Among other companies making presentations or exhibiting at the show:

  • Spokane-based Ag-Energy Solutions is developing systems that take post-harvest or processing residue and turn it into electricity, fuel and biochar, a soil amendment. Phil Appel, co-founder of the company, said the autonomously operating units can handle Russian thistles, corn stalks, manure and wood chips. AgEnergy has signed a contract to provide biochar to a tomato greenhouse grower, and Appel said growers in California are interested in the units for generating electricity for irrigation. The units can also generate hydrogen for use as a fuel, he said.
  • The Composite Recycling Technology Center at the Port of Port Angeles has signed an agreement to be the West Coast satellite location for the Institute for Advanced Composites Manufacturing Innovation in Tennessee, a national manufacturing hub (see related story, page 1).

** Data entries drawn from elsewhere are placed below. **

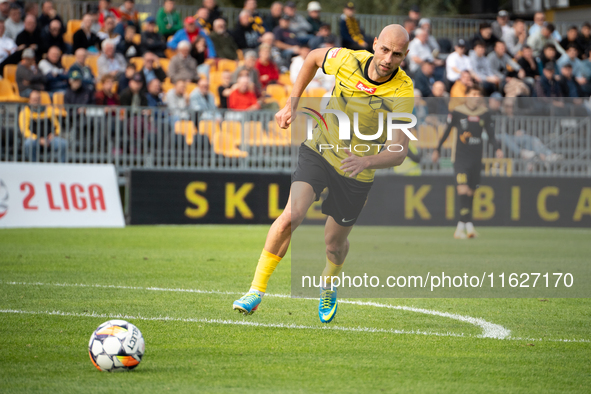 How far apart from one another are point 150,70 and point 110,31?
5.53 feet

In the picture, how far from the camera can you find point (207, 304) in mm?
6785

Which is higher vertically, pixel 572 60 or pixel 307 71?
pixel 307 71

  • With Oregon legalizing industrial hemp, and Washington moving that way, companies are looking at specific applications of the material. One of those is ZilaWorks, a Puget Sound area company developing hempcrete, in which hemp is used in a composite material that would replace drywall. One advantage of using hemp, said Jason Puracal, co-founder and CEO, is that the hollow nature of the fiber allows it to release moisture.
  • Imber Water Treatment Inc. of Seattle is developing modular graywater treatment units designed to reduce commercial-building water use by more than half.